Fue un instinto semejante el que probablemente despertó dentro de mí, cuando, por vez primera, me encontré ante la necesidad de elaborar una obra de vastas proporciones como “To Axion Estî”:comprendí entonces que si esa obra no se encuadraba, analógicamente, dentro de las previsiones que rigen la construcción de un edificio, no obtendría jamás la consistencia a que yo aspiraba.

Procedí, por lo tanto, del mismo modo en que lo hicieron Píndaro, en la antigüedad, y Romanós o Mélodos, en Bizancio, quienes inventaron para cada oda o himno un ritmo inédito. Y advertí, con toda evidencia, que la repetición por períodos de determinados ritmos y determinados versos, le daban un aspecto poliédrico y al mismo tiempo simétrico a la obra que proyectaba.

¿No se transforma acaso de este modo el poema en un pequeño sol,a cuyo alrededor giran los versos, de conformidad con un orden matemático?

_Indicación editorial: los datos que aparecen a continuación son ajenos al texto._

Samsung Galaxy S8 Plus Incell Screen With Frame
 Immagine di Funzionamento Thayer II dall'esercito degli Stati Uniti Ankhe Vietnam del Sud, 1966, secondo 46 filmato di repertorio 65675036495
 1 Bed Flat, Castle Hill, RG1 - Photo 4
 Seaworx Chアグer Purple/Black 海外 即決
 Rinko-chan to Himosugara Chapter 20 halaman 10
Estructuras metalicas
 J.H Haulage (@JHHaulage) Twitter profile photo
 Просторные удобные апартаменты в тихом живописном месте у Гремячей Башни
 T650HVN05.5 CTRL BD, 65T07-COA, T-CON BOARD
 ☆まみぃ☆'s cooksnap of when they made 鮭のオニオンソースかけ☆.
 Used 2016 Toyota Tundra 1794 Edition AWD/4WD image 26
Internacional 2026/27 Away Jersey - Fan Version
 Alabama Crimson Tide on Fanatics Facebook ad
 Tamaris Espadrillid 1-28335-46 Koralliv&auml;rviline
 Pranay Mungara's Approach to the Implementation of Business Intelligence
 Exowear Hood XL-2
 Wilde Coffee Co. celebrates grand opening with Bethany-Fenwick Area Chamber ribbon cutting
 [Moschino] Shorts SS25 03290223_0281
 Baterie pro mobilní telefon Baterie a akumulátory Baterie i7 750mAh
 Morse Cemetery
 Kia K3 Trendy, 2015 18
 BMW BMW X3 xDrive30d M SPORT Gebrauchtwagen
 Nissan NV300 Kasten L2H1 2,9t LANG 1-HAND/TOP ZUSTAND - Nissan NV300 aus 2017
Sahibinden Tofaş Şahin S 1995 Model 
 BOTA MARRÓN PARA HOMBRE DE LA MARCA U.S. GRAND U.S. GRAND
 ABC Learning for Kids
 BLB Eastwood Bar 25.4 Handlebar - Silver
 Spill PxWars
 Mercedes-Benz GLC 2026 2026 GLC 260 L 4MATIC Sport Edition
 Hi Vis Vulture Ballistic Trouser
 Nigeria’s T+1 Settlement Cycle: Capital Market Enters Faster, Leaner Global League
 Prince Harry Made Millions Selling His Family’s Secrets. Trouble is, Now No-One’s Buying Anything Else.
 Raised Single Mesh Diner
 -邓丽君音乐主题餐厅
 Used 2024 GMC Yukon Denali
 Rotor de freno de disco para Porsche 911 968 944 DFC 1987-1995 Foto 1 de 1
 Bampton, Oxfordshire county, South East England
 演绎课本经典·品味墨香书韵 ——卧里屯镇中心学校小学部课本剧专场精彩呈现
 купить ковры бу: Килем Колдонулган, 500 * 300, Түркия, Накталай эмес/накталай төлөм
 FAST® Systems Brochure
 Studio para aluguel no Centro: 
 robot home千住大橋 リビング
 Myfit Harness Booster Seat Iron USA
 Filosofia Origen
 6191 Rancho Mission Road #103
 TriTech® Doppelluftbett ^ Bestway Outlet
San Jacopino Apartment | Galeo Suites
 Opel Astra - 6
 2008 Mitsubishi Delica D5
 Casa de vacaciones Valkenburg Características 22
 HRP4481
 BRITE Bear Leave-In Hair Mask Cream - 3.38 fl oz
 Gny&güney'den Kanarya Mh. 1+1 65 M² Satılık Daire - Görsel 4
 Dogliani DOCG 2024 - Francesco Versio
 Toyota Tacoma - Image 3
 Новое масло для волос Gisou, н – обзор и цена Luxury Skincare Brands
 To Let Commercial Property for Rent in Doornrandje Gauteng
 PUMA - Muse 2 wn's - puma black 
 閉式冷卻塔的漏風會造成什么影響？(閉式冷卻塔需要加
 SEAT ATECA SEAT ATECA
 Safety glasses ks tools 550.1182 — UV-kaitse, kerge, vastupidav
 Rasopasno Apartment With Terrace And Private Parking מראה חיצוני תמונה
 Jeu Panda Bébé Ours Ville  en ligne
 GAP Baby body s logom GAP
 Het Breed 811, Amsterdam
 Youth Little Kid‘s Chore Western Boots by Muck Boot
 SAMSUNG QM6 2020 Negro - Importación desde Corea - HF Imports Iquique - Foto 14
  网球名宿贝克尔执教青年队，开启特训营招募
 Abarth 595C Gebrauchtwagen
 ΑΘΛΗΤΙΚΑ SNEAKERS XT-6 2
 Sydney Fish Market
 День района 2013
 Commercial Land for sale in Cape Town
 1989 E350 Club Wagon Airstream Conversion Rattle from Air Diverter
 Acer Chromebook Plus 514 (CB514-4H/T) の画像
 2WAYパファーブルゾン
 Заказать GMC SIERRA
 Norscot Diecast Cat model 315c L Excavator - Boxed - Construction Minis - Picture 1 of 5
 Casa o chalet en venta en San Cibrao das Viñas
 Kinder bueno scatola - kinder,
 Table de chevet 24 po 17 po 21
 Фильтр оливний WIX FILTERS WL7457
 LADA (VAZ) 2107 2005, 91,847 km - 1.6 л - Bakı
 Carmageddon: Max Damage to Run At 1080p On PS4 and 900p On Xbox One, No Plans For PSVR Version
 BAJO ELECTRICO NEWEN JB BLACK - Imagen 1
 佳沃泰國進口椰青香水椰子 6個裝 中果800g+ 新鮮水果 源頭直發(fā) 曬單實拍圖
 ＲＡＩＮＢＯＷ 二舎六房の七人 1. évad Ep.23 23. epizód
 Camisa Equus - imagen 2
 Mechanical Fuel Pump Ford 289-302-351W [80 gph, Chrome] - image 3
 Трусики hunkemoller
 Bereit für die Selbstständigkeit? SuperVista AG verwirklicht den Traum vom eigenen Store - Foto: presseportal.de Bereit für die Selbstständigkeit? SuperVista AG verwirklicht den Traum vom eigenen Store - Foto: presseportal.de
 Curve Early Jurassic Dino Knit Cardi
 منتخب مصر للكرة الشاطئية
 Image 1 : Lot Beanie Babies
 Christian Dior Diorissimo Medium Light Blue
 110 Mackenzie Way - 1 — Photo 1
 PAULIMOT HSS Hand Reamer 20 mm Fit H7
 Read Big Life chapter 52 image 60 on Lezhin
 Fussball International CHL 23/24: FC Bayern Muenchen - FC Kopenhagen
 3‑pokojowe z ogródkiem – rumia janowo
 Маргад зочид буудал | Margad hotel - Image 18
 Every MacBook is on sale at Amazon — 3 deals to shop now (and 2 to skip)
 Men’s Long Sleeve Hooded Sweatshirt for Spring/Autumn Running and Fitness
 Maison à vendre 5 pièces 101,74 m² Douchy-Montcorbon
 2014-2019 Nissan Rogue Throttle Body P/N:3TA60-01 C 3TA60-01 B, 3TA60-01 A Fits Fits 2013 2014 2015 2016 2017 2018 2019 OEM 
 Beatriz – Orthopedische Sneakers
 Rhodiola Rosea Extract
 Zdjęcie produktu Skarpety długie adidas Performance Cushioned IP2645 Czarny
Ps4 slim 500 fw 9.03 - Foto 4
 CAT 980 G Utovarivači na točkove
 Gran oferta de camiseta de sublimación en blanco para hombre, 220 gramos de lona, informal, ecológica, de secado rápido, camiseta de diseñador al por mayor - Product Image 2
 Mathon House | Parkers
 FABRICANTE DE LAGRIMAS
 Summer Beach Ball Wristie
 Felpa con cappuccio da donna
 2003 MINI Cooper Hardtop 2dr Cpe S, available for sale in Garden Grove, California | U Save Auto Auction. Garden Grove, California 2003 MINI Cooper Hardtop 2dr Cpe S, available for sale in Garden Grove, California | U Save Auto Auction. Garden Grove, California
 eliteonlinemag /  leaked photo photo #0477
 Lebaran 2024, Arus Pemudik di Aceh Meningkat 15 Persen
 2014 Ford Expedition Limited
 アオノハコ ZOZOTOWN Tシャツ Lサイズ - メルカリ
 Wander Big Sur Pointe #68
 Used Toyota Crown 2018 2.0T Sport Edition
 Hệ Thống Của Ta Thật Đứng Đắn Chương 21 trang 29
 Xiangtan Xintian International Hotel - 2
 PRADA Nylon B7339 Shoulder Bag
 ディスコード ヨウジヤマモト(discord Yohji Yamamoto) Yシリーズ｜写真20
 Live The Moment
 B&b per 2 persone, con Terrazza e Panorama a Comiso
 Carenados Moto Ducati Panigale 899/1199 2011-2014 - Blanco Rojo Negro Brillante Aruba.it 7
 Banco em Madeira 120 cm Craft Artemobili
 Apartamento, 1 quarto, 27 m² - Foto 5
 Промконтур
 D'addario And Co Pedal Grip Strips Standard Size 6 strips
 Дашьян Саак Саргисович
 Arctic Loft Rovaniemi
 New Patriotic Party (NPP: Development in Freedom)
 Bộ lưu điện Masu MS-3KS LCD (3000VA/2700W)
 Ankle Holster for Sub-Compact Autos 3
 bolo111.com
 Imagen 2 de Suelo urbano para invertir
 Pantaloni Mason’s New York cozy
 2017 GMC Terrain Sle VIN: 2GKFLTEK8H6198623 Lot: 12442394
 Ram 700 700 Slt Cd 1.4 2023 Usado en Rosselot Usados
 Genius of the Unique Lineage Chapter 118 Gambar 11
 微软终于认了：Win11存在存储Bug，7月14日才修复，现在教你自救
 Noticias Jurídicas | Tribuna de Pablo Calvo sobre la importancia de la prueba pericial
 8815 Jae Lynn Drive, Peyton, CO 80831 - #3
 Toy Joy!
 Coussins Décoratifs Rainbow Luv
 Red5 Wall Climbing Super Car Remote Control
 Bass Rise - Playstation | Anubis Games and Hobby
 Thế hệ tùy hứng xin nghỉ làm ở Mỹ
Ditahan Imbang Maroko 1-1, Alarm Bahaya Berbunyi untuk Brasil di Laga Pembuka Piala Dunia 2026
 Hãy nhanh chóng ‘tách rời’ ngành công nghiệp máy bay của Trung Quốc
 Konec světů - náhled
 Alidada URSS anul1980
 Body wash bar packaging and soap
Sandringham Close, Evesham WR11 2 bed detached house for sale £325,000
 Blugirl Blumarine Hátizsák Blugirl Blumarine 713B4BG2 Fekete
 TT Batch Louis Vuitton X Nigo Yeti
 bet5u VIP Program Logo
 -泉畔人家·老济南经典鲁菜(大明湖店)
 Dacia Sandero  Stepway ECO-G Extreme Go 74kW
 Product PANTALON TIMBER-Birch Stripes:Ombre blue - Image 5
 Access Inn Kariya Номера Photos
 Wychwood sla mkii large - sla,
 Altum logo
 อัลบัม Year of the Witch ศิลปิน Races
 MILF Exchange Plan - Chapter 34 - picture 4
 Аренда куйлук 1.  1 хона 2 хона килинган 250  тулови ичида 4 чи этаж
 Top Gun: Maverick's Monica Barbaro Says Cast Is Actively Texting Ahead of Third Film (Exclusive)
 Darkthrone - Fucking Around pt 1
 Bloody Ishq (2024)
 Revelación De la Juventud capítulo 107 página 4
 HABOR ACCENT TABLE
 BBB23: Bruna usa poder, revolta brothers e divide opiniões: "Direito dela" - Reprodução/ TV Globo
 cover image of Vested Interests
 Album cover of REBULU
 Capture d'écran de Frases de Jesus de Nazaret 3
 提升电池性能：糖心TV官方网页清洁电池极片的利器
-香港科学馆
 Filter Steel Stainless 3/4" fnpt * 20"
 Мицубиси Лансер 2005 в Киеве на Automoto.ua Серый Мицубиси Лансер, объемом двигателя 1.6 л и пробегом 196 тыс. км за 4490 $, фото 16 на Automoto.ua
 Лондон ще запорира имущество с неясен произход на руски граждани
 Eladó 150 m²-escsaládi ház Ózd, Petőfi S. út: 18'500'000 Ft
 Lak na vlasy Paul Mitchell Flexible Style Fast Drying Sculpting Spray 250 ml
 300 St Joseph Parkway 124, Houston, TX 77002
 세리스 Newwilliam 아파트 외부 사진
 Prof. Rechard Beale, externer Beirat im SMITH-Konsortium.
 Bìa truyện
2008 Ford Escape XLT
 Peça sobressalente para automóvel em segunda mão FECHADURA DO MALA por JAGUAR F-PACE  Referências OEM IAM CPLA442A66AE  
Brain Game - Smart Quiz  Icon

Creo que tal transformación corresponde plenamente a la significación más honda del poema. Y creo, asimismo, que no existe logro mayor para un poeta.


Tener el sol entre las manos, sin quemarse, y pasarlo como una antorcha a los que proseguirán la marcha, es un acto arduo pero sagrado. Lo necesitamos. Vendrá un día en que a medida que se llene de luz la conciencia del hombre, se debilitarán los dogmas que lo esclavizaron desde siempre; y este se irá identificando con el sol cuanto más se aproxime a los ideales de dignidad y libertad humanas.